If the something results in impeachment, hello President Pence. He's almost worse in some ways but at least not a fucking unpredictable child. We know how bad he is.

If it's the military, probably because he orders a nuclear strike because those are the best bombs you know, then it's hard to say how it resolves. If Mattis is in charge I tend to think it revolves back to President Pence, but nothing like that has ever happened before. But unlike before I also think the guys with the nuclear codes are probably preparing, and have been since the election, to figure out how they will react to whatever tantrum the manchild in chief might direct their way. These are career guys who truly believe in duty. That means they will follow their POTUS up to a certain point, but I also think it means there is a point beyond which he is no longer their POTUS, politics be damned. And I would bet they have already gamed that out and identified that point and agreed among themselves about exactly where it is.
posted by Bringer Tom at 7:29 PM on January 7, 2017 [9 favorites]


Trump’s Dangerous Anti-C.I.A. Crusade Op-Ed by Michael J Morell (deputy director and twice acting director of the CIA between 2010 and 2013)

...The president-elect’s rhetoric will undermine the effectiveness of the C.I.A. in two key ways. First, expect a wave of resignations. Attrition at the C.I.A., which has been remarkably low since Sept. 11, 2001, will skyrocket. The primary motivator for some of our smartest minds to go to work at the C.I.A. is to make a difference to national security, to play a role in keeping the country safe. All of the sacrifices — from the long hours, polygraph tests, unfair media criticism, not to mention the real dangers to life and limb — are worth it, if you are making a difference.

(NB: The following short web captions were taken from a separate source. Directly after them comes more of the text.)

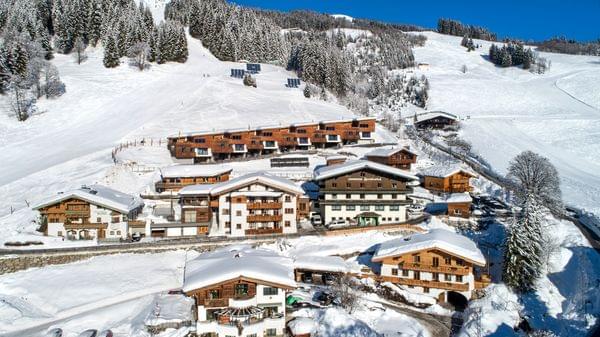 Alpines Skidorf mit Holzhütten und verschneiten Pisten im Winter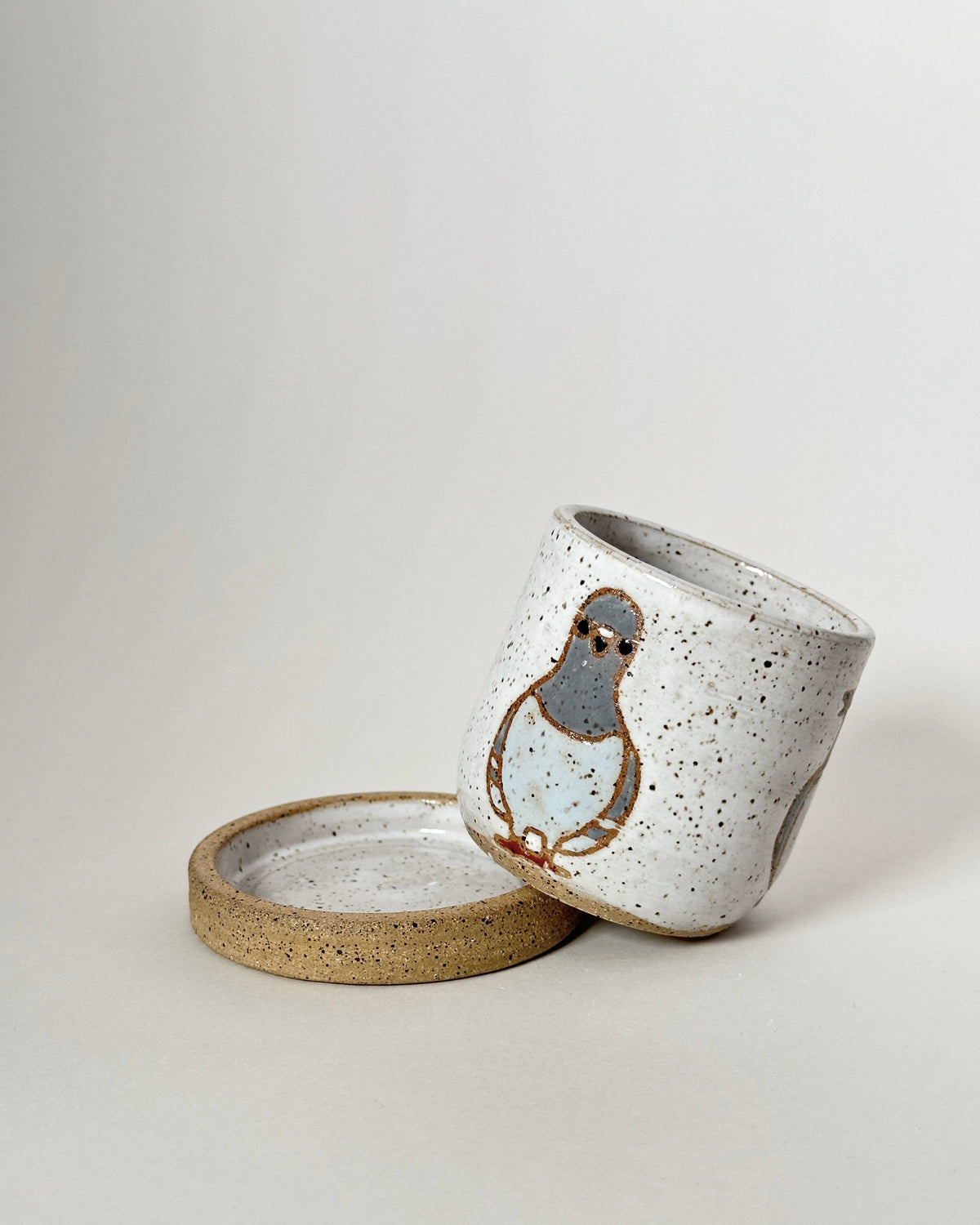 Ceramic cup with lid featuring a bird design on a light background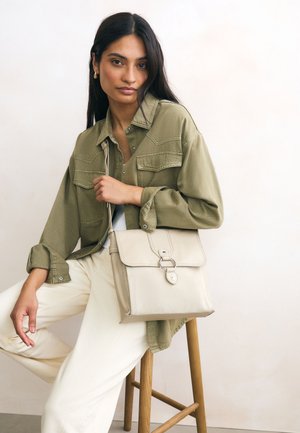 Bēša ādas soma ar vāciņu un sudraba detaļām, ko rokās tur persona, kura valkā olīvu zaļas krāsas krekls un krēmkrāsas bikses, sēžot uz krēsla.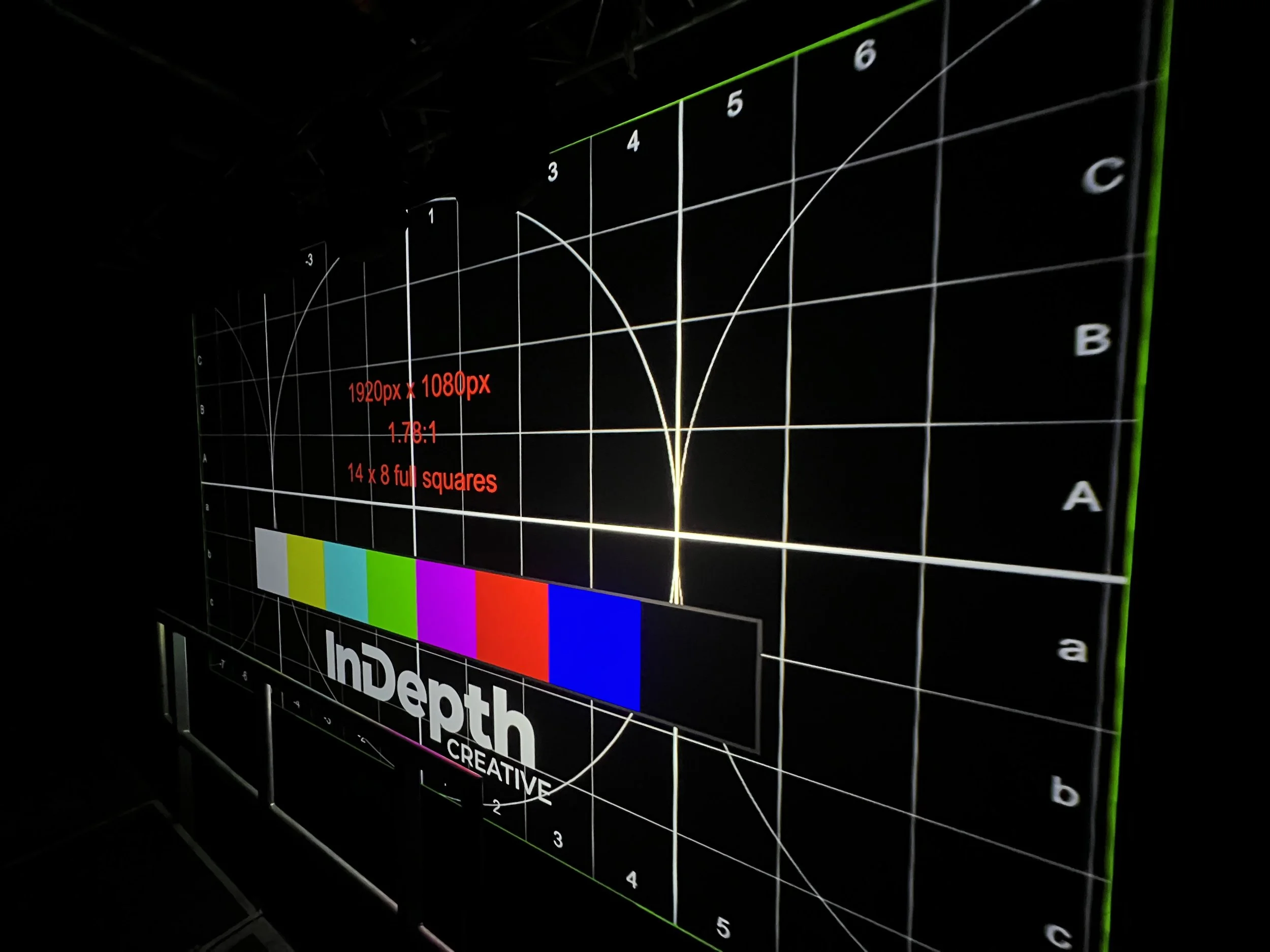Projection mapping alignment test pattern with InDepth Creative branding on a large screen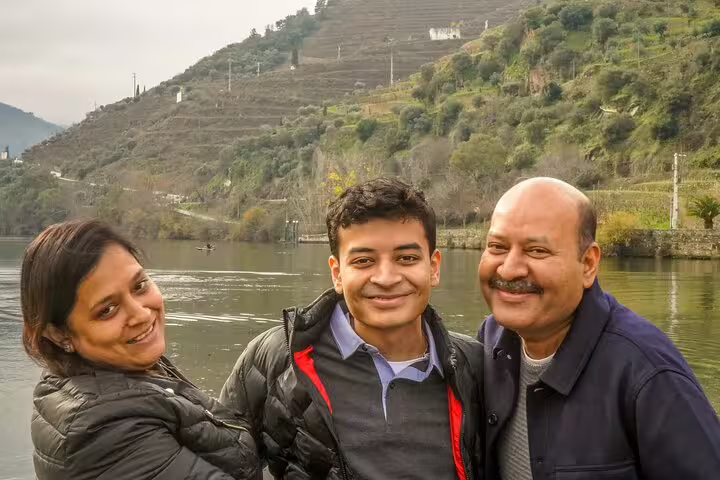 Family enjoying a scenic Douro Valley private tour from Lisbon, surrounded by lush vineyards and the tranquil Douro River.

If the president rejects out of hand the C.I.A.’s work, or introduces uncertainty by praising it one day only to lambaste it on Twitter that afternoon, many officers will vote with their feet. These officers cannot be easily replaced. It takes years of training and, more important, on-the-job experience to create a highly capable case officer, analyst, scientist, engineer or support officer. It would take at least a decade to recover from a surge in resignations.

There is precedent for this. When President Jimmy Carter’s C.I.A. director, Stansfield Turner, made it clear that, in his view, technology was making human intelligence obsolete, hundreds of officers departed. He then fired hundreds of others who questioned his approach; it took years for the agency to return to its pre-Turner strength. The Trump resignations could make the Turner departures pale by comparison.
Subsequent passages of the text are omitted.